Swiss/Australian female composer

Nora Baldenweg (born 22 July 1981) is a Swiss Australian musician, vocalist, composer, producer and creative director in fashion.
She was the first Swiss female composer to be nominated for the World Soundtrack Awards (Public Choice).

She is a member of the World Soundtrack Academy and the European Film Academy.

== Career ==

Baldenweg has been working as a composer, producer and co-founded the music production company GREAT GARBO in 2004.
She has composed music for over 300 advertising commercials for brands like Sony, Mastercard, Dove (one of the most viewed online ads of all time) and 20 fictional films and TV series.

Many of her most famous works were produced in the context of the trio Diego Baldenweg with Nora Baldenweg and Lionel Baldenweg, comprising herself and her two brothers Diego Baldenweg and Lionel Baldenweg.

Besides her career in music, Baldenweg simultaneously held positions in fashion publishing as editor-at-large/Paris director (Russh),
editor-at-large/Paris director/senior editor (Indie), editor-at-large/fashion features director (Material Girl) and was a contributing writer for Vogue Taiwan, Nylon, Dazed Digital and Wallpaper
In May 2014 she relaunched the Paris-based magazine Modzik as editor-in-chief.

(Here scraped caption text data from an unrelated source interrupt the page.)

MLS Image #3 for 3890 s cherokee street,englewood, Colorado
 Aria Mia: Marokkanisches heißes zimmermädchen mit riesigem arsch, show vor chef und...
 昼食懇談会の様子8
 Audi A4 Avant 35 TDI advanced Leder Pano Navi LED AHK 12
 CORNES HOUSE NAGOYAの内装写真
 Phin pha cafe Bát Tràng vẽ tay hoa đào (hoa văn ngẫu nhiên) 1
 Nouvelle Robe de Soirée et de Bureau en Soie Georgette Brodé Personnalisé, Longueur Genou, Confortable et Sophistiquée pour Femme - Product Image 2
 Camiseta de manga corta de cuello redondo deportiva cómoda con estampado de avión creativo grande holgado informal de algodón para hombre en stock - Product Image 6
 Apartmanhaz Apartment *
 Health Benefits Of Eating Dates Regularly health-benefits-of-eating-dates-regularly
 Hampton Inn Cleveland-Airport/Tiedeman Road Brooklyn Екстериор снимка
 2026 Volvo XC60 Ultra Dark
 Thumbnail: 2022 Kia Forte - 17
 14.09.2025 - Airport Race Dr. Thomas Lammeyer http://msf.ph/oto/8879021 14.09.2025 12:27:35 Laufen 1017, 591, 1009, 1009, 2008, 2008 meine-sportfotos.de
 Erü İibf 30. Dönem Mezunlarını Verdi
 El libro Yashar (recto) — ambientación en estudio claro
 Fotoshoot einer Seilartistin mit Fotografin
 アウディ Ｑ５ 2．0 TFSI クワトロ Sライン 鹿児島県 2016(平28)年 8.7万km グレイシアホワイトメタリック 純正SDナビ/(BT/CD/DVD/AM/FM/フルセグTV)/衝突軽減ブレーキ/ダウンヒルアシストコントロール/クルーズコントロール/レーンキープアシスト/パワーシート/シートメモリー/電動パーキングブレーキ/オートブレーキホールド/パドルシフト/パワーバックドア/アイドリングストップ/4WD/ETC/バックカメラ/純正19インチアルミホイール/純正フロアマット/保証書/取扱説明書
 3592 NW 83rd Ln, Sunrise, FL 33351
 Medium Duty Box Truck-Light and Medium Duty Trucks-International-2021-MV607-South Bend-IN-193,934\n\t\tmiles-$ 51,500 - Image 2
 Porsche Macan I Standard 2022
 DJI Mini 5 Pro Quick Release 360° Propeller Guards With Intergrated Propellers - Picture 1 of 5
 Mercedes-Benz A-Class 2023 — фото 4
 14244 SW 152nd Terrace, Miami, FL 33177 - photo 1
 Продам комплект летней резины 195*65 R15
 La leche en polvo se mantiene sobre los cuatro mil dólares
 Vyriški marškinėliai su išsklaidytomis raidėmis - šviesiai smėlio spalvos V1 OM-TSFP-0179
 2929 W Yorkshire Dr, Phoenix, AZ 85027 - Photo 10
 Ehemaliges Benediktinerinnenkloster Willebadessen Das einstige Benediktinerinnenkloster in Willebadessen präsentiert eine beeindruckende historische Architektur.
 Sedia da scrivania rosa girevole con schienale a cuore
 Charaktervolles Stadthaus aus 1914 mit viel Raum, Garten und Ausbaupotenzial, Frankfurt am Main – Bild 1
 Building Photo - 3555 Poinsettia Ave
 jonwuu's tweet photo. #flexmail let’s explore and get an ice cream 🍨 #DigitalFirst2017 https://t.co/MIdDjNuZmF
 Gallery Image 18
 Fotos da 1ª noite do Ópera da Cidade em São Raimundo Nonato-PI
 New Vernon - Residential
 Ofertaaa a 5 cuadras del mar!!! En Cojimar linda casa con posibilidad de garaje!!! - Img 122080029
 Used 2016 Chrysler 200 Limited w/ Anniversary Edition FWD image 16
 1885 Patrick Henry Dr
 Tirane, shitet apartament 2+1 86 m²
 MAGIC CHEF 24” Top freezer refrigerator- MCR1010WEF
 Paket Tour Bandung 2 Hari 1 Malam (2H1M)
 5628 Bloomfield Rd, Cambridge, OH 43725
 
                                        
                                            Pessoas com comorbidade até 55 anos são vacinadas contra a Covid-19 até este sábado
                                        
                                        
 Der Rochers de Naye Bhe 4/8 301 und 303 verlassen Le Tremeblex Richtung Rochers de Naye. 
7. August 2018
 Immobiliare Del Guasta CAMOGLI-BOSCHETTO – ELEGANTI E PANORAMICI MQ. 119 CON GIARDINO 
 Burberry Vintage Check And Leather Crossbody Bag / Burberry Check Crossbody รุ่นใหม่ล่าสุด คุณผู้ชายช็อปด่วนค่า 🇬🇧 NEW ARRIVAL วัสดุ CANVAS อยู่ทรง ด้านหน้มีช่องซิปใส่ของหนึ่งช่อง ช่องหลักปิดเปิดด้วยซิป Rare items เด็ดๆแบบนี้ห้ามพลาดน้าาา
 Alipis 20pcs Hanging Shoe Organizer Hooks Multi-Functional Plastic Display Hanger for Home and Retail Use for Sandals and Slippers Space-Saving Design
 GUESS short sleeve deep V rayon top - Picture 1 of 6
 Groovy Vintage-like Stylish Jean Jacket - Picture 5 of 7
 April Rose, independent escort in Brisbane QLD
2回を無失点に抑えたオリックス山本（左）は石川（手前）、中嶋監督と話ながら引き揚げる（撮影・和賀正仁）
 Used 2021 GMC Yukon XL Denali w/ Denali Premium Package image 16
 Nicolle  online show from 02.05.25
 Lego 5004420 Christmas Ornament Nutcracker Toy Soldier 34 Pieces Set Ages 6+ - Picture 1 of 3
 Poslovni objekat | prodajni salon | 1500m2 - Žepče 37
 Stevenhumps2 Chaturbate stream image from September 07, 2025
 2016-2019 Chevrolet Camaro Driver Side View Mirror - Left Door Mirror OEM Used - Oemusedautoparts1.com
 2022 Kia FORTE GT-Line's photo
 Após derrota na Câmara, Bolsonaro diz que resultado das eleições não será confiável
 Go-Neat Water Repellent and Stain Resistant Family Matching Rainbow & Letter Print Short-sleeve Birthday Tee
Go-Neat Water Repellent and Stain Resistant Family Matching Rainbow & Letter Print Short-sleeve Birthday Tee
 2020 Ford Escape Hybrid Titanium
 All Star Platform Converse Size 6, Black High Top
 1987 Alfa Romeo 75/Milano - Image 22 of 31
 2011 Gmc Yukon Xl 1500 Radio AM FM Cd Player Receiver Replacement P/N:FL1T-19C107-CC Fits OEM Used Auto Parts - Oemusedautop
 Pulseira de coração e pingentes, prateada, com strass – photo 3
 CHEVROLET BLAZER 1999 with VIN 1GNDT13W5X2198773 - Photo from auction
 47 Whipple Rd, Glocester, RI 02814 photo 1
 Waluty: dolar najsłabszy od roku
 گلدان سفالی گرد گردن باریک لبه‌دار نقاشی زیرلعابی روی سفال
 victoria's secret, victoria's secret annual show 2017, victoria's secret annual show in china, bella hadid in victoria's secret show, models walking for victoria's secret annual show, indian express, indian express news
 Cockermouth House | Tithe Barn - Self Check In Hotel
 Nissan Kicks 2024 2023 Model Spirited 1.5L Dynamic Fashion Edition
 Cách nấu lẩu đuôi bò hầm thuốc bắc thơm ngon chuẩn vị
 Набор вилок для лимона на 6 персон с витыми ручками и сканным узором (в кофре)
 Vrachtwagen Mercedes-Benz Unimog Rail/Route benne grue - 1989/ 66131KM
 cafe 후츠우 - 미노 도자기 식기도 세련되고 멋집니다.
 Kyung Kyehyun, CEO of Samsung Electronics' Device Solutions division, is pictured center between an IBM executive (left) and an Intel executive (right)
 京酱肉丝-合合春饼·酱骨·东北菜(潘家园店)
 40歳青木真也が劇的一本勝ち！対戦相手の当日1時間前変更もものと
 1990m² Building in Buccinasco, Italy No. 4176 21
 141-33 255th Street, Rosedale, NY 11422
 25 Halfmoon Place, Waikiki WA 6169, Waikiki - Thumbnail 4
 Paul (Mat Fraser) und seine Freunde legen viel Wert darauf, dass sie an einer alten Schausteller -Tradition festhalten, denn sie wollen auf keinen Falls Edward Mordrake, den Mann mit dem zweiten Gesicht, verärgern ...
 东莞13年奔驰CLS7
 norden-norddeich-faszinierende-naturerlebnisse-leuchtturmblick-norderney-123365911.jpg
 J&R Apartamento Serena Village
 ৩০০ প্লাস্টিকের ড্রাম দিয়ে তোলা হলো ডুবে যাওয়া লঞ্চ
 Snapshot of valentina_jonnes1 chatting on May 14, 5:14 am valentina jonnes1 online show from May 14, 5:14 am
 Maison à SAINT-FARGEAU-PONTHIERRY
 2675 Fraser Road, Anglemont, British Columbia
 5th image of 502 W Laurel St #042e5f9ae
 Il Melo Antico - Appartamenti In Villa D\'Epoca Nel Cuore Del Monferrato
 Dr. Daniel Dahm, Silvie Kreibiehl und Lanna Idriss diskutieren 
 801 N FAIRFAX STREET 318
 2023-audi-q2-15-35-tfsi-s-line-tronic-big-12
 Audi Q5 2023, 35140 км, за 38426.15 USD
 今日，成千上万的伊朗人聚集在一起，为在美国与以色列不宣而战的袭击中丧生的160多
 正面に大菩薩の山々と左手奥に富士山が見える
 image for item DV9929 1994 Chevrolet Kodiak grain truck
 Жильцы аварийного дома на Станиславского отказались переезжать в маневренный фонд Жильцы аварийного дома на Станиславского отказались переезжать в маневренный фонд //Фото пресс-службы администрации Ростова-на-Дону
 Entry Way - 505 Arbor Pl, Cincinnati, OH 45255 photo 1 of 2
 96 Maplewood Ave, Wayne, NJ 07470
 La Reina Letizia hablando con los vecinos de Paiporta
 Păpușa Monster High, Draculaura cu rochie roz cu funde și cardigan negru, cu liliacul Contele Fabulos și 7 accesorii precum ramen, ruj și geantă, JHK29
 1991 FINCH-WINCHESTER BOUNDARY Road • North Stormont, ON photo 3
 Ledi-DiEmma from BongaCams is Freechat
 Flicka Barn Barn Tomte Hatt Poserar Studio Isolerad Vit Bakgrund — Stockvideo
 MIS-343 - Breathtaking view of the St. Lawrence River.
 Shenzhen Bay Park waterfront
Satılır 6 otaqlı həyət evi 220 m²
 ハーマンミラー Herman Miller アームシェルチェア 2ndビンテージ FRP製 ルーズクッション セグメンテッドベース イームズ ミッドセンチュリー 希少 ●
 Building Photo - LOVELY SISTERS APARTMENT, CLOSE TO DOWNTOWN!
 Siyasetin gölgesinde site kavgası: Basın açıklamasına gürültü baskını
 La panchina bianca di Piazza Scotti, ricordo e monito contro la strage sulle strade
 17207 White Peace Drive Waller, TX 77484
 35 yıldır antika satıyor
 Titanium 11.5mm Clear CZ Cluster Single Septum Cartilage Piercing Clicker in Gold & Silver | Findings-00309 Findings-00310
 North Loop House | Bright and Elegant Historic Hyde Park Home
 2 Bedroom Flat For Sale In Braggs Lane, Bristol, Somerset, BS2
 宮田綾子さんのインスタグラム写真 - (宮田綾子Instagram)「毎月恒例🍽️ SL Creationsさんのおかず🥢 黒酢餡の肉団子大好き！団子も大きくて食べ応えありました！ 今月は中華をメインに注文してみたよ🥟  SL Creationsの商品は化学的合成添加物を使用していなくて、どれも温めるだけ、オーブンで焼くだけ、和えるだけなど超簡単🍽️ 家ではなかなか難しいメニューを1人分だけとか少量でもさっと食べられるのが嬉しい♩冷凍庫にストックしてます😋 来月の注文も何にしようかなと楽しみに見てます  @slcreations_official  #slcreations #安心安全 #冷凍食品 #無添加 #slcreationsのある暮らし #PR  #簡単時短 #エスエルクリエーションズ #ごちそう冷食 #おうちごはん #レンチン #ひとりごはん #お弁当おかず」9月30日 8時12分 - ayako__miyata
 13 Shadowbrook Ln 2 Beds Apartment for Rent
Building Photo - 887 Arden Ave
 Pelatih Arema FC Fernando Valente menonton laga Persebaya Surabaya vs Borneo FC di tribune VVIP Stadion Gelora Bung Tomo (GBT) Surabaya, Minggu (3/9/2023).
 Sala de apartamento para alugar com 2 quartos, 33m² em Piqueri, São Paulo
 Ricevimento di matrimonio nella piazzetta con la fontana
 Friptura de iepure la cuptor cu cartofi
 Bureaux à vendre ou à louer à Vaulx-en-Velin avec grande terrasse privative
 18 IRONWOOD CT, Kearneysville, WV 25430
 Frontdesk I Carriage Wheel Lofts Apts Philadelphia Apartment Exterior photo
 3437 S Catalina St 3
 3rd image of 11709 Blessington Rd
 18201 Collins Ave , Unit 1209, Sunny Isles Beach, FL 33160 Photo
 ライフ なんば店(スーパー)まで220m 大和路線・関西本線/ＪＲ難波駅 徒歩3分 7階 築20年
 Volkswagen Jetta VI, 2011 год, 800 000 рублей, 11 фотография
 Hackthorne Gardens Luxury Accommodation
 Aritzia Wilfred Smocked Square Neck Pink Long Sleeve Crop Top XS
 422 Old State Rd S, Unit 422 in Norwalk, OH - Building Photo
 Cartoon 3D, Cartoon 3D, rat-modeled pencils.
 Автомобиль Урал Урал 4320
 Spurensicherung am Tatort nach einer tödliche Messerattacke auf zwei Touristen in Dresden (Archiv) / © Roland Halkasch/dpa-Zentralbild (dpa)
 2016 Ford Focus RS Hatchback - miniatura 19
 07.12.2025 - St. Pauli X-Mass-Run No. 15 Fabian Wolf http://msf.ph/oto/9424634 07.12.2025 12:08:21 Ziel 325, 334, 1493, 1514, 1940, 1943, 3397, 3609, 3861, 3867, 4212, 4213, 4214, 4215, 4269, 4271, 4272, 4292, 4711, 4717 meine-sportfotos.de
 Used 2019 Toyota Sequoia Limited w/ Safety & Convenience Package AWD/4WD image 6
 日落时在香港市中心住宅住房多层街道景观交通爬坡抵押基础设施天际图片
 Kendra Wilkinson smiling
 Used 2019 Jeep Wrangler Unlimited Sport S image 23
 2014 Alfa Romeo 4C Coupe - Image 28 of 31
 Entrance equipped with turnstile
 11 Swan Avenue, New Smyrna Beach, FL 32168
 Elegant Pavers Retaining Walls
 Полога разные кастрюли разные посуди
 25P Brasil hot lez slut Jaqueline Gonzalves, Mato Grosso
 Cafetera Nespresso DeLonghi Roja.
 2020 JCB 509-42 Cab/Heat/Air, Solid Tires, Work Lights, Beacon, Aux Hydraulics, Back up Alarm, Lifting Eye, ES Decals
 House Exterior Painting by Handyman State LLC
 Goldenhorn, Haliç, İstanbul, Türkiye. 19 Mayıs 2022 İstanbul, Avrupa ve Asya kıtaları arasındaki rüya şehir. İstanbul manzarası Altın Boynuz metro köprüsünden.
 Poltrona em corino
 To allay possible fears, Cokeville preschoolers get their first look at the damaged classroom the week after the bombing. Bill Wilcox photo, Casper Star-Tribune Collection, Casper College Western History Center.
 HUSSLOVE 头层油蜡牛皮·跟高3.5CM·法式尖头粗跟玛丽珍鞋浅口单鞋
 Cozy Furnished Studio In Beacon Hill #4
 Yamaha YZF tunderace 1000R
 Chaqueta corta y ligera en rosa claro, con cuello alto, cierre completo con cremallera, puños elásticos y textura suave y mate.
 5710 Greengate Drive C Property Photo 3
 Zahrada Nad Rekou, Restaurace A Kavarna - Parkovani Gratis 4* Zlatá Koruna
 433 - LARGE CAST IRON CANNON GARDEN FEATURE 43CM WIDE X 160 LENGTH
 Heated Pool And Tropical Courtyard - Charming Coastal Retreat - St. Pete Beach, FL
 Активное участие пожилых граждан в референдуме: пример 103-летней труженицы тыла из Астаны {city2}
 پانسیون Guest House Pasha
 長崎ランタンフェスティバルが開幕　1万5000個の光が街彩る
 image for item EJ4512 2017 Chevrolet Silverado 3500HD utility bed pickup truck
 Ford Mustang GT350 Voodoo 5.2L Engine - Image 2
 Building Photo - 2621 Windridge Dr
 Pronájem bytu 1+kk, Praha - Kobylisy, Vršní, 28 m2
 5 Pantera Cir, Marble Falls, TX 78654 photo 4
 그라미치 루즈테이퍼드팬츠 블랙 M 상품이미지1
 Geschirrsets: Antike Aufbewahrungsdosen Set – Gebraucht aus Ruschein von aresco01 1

In May 2017 she became editor-in-chief of UK-based magazine Lula. Since 2017 she works as a creative director (fashion) for various brands.

=== Film scores ===

Baldenweg's career in film music has spanned 17 years and her film scores include:

- La femme et le TGV (2016), a Swiss French-language short film directed by Timo von Gunten, starring Jane Birkin.
- The Little Witch (2018 film) (2018), a German fantasy film based on the bestselling children's book by Otfried Preußler and directed by Michael Schaerer, starring Karoline Herfurth.
- Head Full of Honey (2018), an American remake of the 2014 German film of the same name directed by Til Schweiger, starring Nick Nolte, Matt Dillon & Emily Mortimer.
- The Reformer Zwingli (2019), a Swiss biopic drama about Huldrych Zwingli directed by Stefan Haupt, starring Max Simonischek.

Her TV music includes:
- Scores for all episodes of The Unlisted produced by Polly Staniford and Angie Fielder and Itch (TV series) based on the books written by Simon Mayo.

=== Awards ===
In addition to Baldenweg's Swiss Film Academy Award for The Little Witch, she has received a number of awards and nominations.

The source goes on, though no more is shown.